### Short web captions
* * * * *
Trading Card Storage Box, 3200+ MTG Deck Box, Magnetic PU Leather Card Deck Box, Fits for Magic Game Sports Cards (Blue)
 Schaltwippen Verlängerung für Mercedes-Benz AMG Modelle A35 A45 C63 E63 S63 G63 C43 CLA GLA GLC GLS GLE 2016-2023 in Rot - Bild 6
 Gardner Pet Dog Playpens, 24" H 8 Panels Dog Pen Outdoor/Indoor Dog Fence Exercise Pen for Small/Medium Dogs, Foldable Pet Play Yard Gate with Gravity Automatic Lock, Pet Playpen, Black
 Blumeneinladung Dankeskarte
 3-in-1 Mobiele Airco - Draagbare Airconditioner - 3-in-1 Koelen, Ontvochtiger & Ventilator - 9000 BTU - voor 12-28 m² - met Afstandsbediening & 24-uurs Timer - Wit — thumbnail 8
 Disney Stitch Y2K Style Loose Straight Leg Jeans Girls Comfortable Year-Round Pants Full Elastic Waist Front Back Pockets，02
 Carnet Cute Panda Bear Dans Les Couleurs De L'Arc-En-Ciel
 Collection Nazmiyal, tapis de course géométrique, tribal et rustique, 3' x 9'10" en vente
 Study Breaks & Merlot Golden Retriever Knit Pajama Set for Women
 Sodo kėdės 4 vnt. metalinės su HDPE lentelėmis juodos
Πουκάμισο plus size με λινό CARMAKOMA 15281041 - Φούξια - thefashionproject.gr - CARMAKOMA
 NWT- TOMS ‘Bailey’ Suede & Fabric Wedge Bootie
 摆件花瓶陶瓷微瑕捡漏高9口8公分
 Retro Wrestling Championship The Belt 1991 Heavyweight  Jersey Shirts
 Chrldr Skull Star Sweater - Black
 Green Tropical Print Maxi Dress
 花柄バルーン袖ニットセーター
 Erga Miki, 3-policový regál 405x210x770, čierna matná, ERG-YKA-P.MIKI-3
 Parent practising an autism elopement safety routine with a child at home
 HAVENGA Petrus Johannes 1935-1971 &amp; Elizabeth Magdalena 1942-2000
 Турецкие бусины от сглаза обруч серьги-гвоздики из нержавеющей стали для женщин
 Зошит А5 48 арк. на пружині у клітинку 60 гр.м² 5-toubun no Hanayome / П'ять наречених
* * * * *
### WORK ITEM
Report each line in the preceding entries that holds the string "with".

### EXPECTED ANSWER
 Gardner Pet Dog Playpens, 24" H 8 Panels Dog Pen Outdoor/Indoor Dog Fence Exercise Pen for Small/Medium Dogs, Foldable Pet Play Yard Gate with Gravity Automatic Lock, Pet Playpen, Black
 Parent practising an autism elopement safety routine with a child at home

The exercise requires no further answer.